## Assigned task:
Within the records below, find the line with "Let It Snow" and the line with "A table adorned", then reproduce exactly those two lines and all lines between them, without any picture.

## Provided data:
--

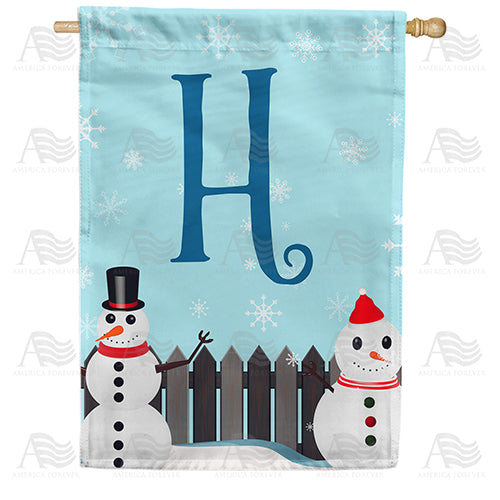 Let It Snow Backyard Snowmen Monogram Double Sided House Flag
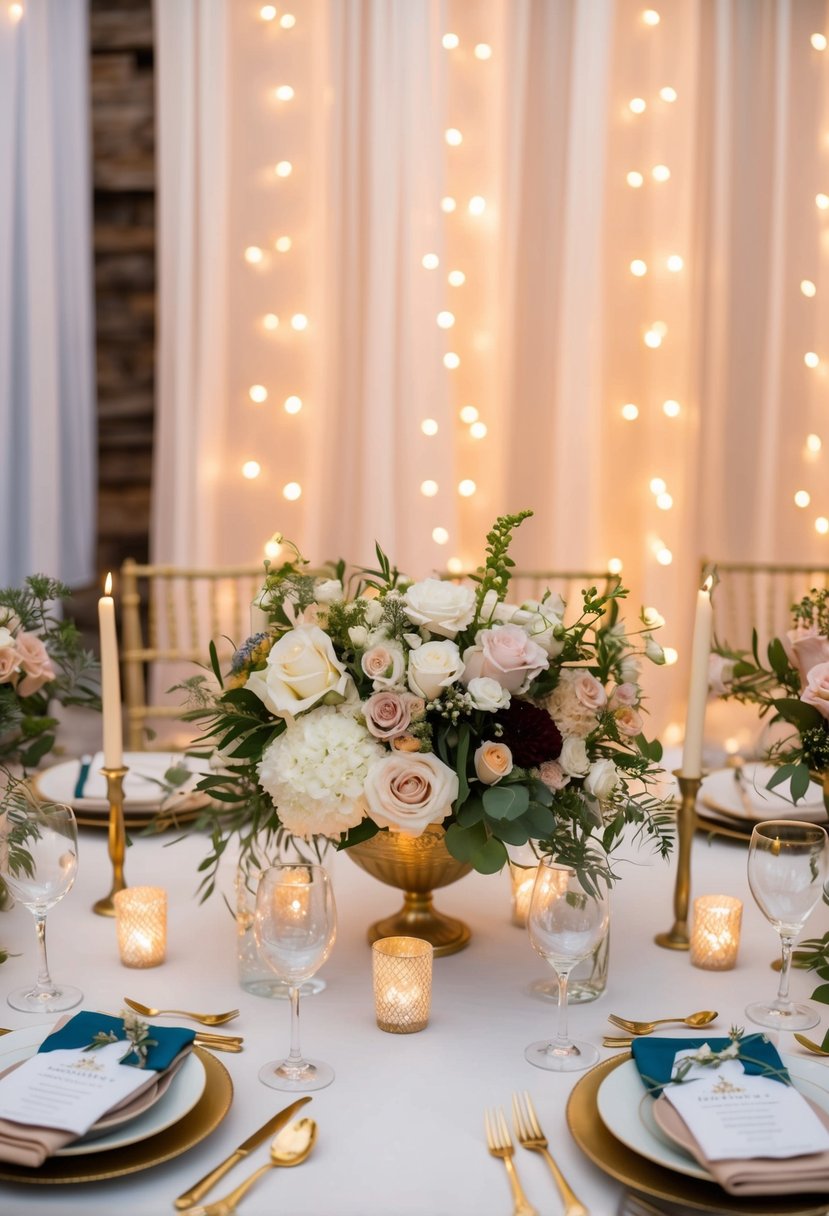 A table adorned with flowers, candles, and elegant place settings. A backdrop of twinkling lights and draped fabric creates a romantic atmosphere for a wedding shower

--

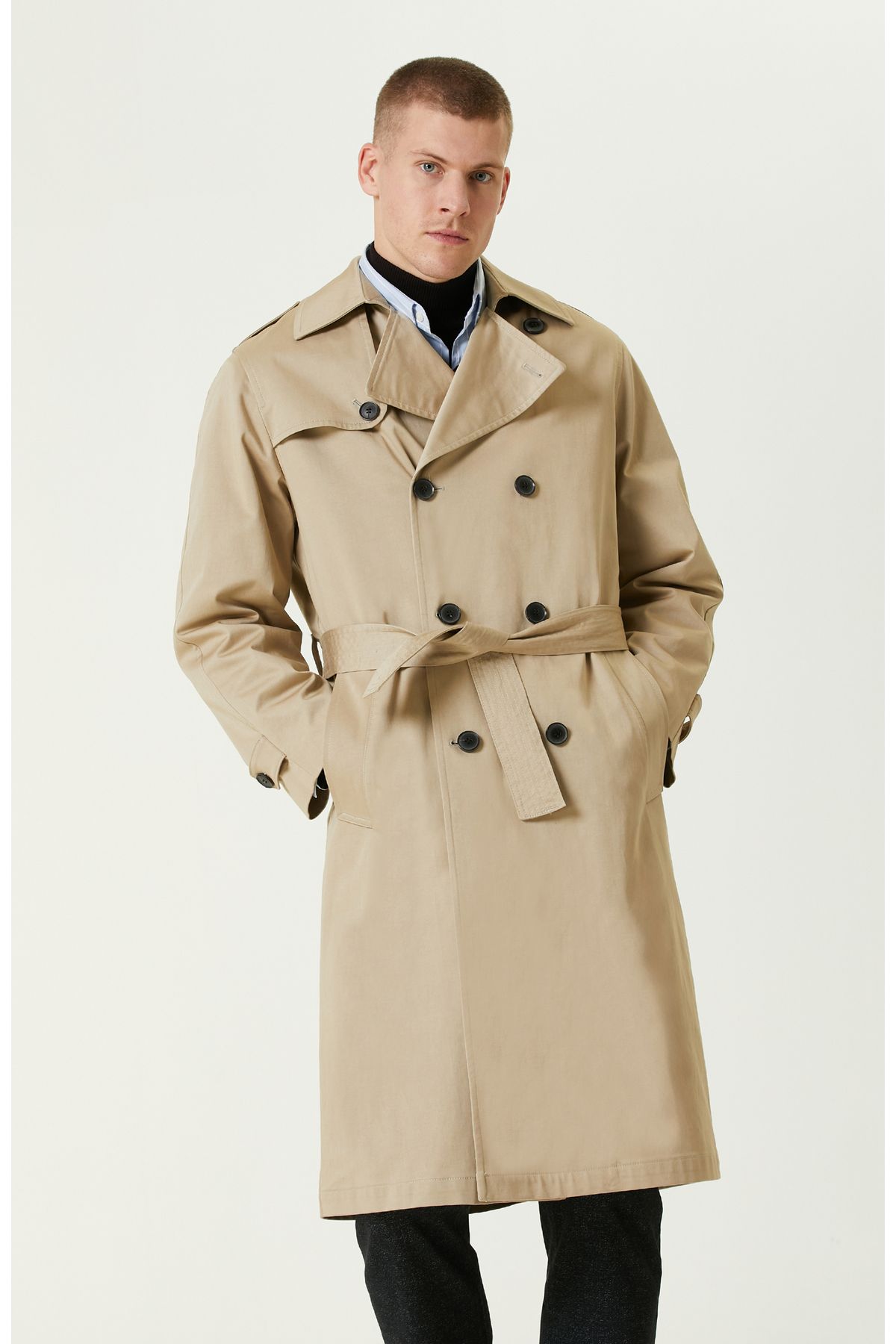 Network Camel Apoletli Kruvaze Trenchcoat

--

## Result of this task:
 Let It Snow Backyard Snowmen Monogram Double Sided House Flag
 A table adorned with flowers, candles, and elegant place settings. A backdrop of twinkling lights and draped fabric creates a romantic atmosphere for a wedding shower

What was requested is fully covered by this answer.